Sincerely, Prize Fulfillment Services
ePrize could use help composing form letters. There are few loose ends from my blogs lately that I will close with images. The bees feeding at crimps in the bottlecaps. These bottlecaps are from a favorite porter known as Black Butte that my good friend Mr. Denoncourt celebrate with at bluegrass festivals.
Shooting film cameras
The Konica’s mirror is scratched badly, but I’m becoming optimistic it can be replaced (anyone?):
For the film cameras I’m experimenting with, my plan is to use a dslr’s metering functions until I get ahold of a light meter, like a Gossen Luna Pro F or similar (thanks Mike!). Speaking of experimenting, I was very impressed with the 1978 Minolta 440E. After I hearing of a single lens reflector (slr) 110 camera, I knew what I wanted! I lost an auction for an Pentax Auto110 in late January. I recommitted to Minolta and today a rather dirty but exquisitely complete Minolta Zoom 110 arrived. I spent the early part of the morning going over this camera and it shines like a diamond now! I love it. Thank you Rechelle! I had to sell four rolls of 110 film to raise funds to pay for it. I sincerely hope Agfa gets black and white 110 stock to market this year so this cool little camera can have a new exciting life once my remaining three rolls of Kodak 400 are gone.
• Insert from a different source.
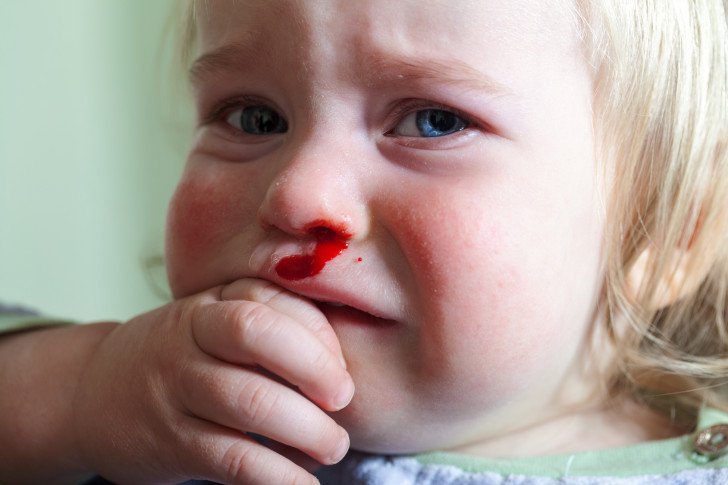 Чому у дитини знижений рівень тромбоцитів у крові, про що це говорить: причини і наслідки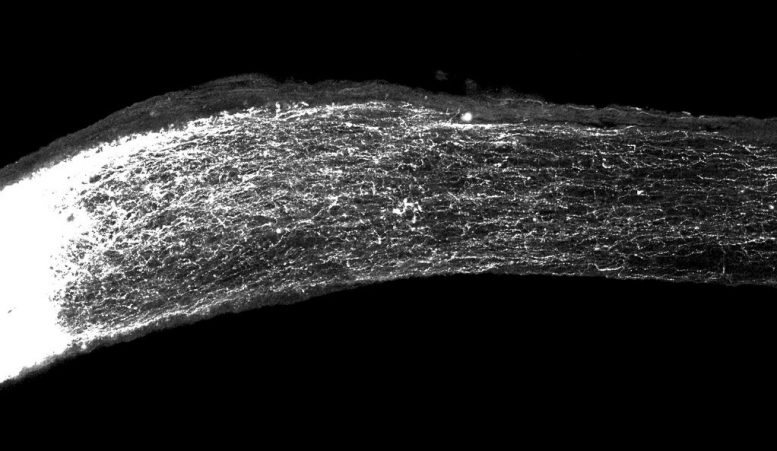 Gene Spurs Regeneration of Damaged Nerve Cells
Hubert Sumlin will be 80 this year. The blues master has been inspiring me since I got my first Howlin’ Wolf album about 20 years ago. All night long. Thank you Mr. Sumlin!
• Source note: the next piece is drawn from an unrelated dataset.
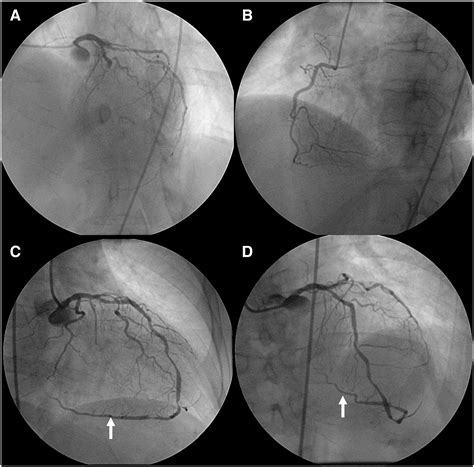 Unusual long left anterior descending coronary artery with a posterior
I’m back to rehearsing nightly and will likely make it to Wintergrass for the first time, coming up in a few weeks. The resurrected Santa Cruz is much easier to play than my Martin and sounds great. I wish it were more reliable. The top moves so much over the season that the guitar goes from nearly perfect to untunable and unplayable. Not a travel worthy guitar. Before I knew it had these problems, I installed a ’dream’ rig I now never use. This guitar was used on Hellbound Glory's first (and out of print) album. I still have 67 original CD pressings for sale, $12 shipped. In contrast to the fun and pride I had with my time in Hellbound Glory, I also played this guitar for a different band's lame album mentioned elsewhere.
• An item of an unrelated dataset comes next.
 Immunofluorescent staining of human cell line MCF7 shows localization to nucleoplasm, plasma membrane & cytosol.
It is a great sounding stereo system made and installed by Trance Audio in 2005. I was trying to copy Michael Hedges ’FRAP’ system. I also have a Sunrise pickup for the sound hole (also used by Michael Hedges, Leo Kottke, and Lyle Lovett among many others). Michael’s live sound was a surreal, 3-dimensional experience unlike anything I’ve heard before or since. For live acoustic guitar, it is decades ahead of his time and will be for many years. Get ahold of Live on the Double Planet and see. I was turned onto Michael in a chance encounter taking my my last ‘hard’ physics class, appropriately, Heat, Light and Sound. A labmate named David put on the album while we warped our gourds in preparation for the exam. The venerable Dr. Louis Buchholz wrote difficult but brilliant tests.
You’re missed, Mr. Hedges!
Live on the Double Planet was a turning point in my life, so thank you David.
All musicians complain about soundmen because soundmen are always bad, especially when you show up with a (huh??) stereo piezo system that is prone to feedback if not eq’d well. Okay, so I’m exaggerating, sorry to the soundmen of the world; it ain’t easy. In my efforts to simplify this problem, a microphone became enough. Better yet are intimate, unplugged performances. With the crowds I’ve played for in this country, tone and sound quality matter much less than beer and shouting to each other. C’est la vie of the troubador. And besides, with my bass rig, I was the loudest thing in the room. Sorry about that Leroy.
I wish to thank my readers and my food-bringing friends and neighbors. Staving artists definitely need support in the cruelAmerica2011, and I feel most fortunate. If only I could get that Joe Walsh song out of my head!
A ‘bad camera’ sunset is just as much fun!